Online learning has not replaced traditional styles of distance education, but Sir John Daniel believes it still has the potential to shake things up
During last year's dotcom frenzy, there was a mismatch between rhetoric and reality. Within the Open University, I observed that the internet was being steadily integrated into our teaching, learning and administrative systems. Every month, 5,000 more students began communicating with us online. The OU was taking advantage of a new technology in an evolutionary way, as it had done several times before.
Yet outside the university, as the year 2000 dawned, the watchword was revolution. E-learning, the gurus told us, repudiated all previous approaches to education. From then on, the computer screen would be the only medium for learning. "Legacy distance learning", as practised by the OU, would follow classrooms and campuses to the junkyard of obsolete teaching models. The clash of expectations reached a climax when an aggressive American dotcom, whose pressing embrace we were trying politely to resist, threatened to buy the OU if we would not partner with them.
By the middle of 2000, the aggressive dotcom was itself put up for sale, the Nasdaq index began its slide and a more sober assessment of online learning became possible. The educational dotcoms that had committed themselves to operating solely online began to admit that other learning media - even ancient technologies such as books - had a place in their systems.
This tallies with what we hear from OU students. They love the opportunities for communication with tutors and fellow students that the internet provides. They like the facilities for making administrative transactions online. But they do not want to study exclusively online. "If you want me to read a book, give me the book" seems to be a universal view.
However, the dotcom frenzy has changed our vocabulary. The term online learning (less frequently e-learning) was introduced to describe learning from a computer screen. It became - and remains - the fashionable term for all forms of distance learning. This was confusing at first, but since distance education has always suffered from shifting nomenclature, it seems sensible to adopt the name until fashion changes again.
In today's busy distance learning market, where a multitude of providers compete for business, I am happy to reclassify the OU as a leading online university. The growth of online learning has coincided with a resurgence of for-profit educational institutions, which has added to the confusion. This coincidence of timing has led various bodies, such as those representing university teachers in the United States, to assume a natural link between online learning and for-profit education and to campaign against both. In fact, there is no natural link. For-profit enterprises - good, bad and indifferent - have been active in distance learning ever since it was called correspondence education, but they have offered classroom instruction for even longer and on a larger scale.
The phenomenon is that many public institutions are approaching online learning with for-profit motives, either by offering online learning programmes to new groups of students for higher fees or by hoping to generate substantial funds from the sale of their electronic courseware to other institutions in the e-learning market. I have long doubted whether these expectations have a sound basis, largely because I observe hundreds of institutions planning to sell into this market but almost none expecting to buy. Can a market emerge in such circumstances?
The likelihood of a lucrative market developing in web-based courseware has now been reduced greatly by the Massachusetts Institute of Technology's recent announcement that it will make all its electronic course material available for free. This parallels a proposal I made earlier this year to the OU council: that we adopt for our electronic courseware the open-source approach that is gaining ground in the software industry. The open-source software movement began in universities and is highly compatible with the academic principles that knowledge should be widely published and that the tools for manipulating knowledge should be made available to all.

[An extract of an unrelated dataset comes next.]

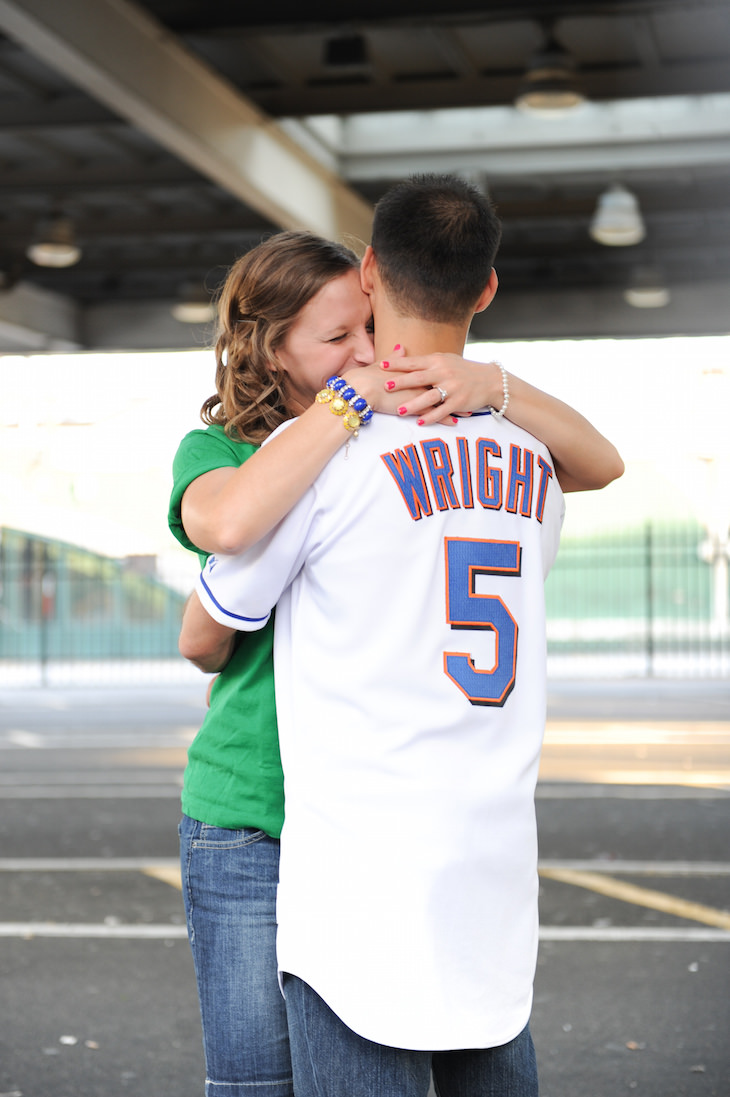 mets-engagement-shoot-mikkel-paige-1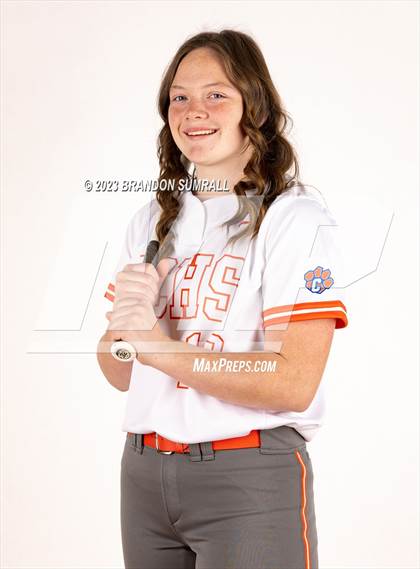Thumbnail 1 in Chilton County (Team & Individuals) photogallery.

I hope that the MIT announcement will give impetus and respectability to an open-source movement for courseware. Good distance-learning providers believe that the value they offer to students lies not primarily in their courseware but in the academic support they provide, the formative and summative assessments through which they help students learn, and the awards through which they certify student achievement. If their belief is grounded, then making courseware freely available should not erode the financial base of these institutions. What it will do is to increase the quality and quantity of electronic courseware as materials are refined, versioned and adapted by academics around the world and then made freely available in these new formats.

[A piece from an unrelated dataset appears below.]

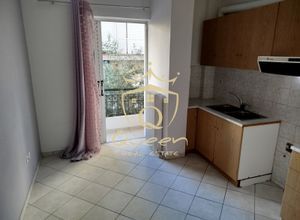 Διαμέρισμα για ενοικίαση - Πετράλωνα, - Photo 2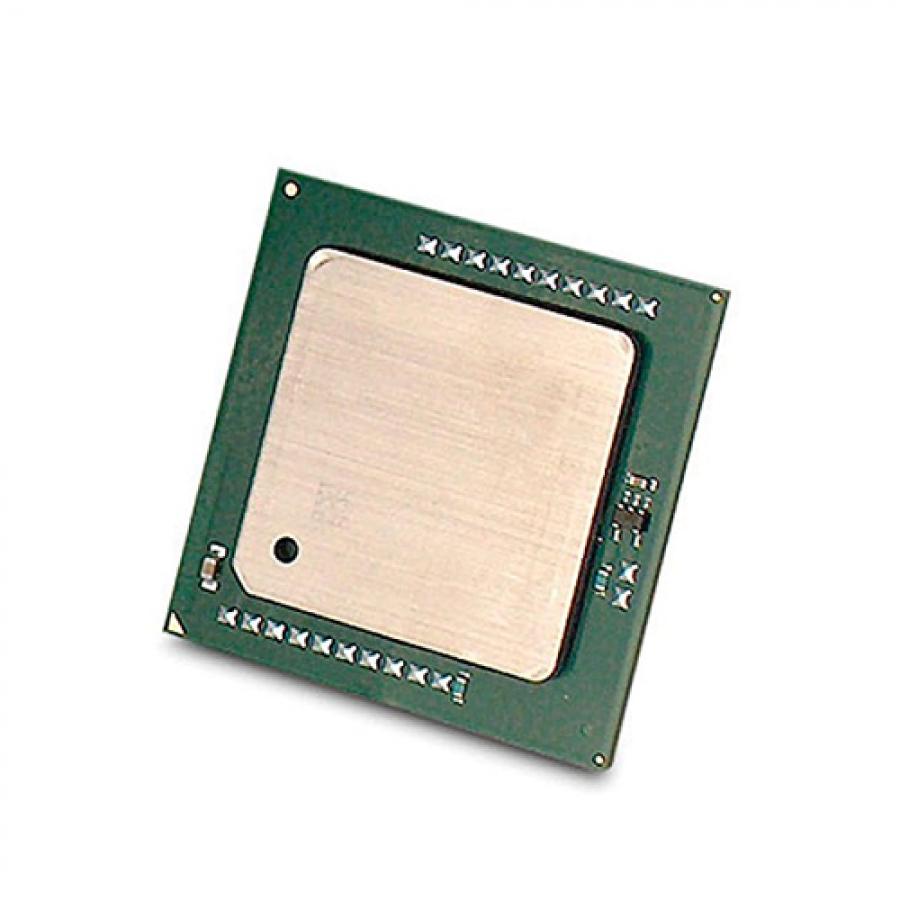 Lenovo Intel Xeon Processor E5 2609 v4 8C 1.7GHz 20MB Cache 1866MHz 85W Processor Price in chennai, tamilandu, Hyderabad, telangana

Wearing my new hat as head of the education sector at the United Nations Educational, Scientific and Cultural Organisation, I see the trend towards open-source courseware as extremely helpful to institutions in the developing world. Good distance-learning material, whether delivered on the web or through other media, is expensive to develop. It would be tragic if, through excessive royalties for its use, courseware became another area where there is a net flow of wealth from the poor world to the rich world. Open-source courseware will help to bridge the digital divide and bring the day closer when all the world's population can exercise their human right to an education.
Will the for-profit institutions suffer if the move to open-source courseware takes hold? I doubt it. The strength of the good for-profit providers, both in classroom and distance learning, lies less in the quality of their teaching and learning material than in their efficient and effective support to students. They put students first in a way that public institutions too often do not. The increasing competition to put students at the centre of institutional concern will be a healthy feature of the online learning market.
In short, although the development of online learning is evolutionary rather than revolutionary, its potential to shake up 中国A片 should not be underestimated.
Sir John Daniel has been vice-chancellor of the Open University for the past 11 years. He becomes assistant director-general for education at Unesco in July.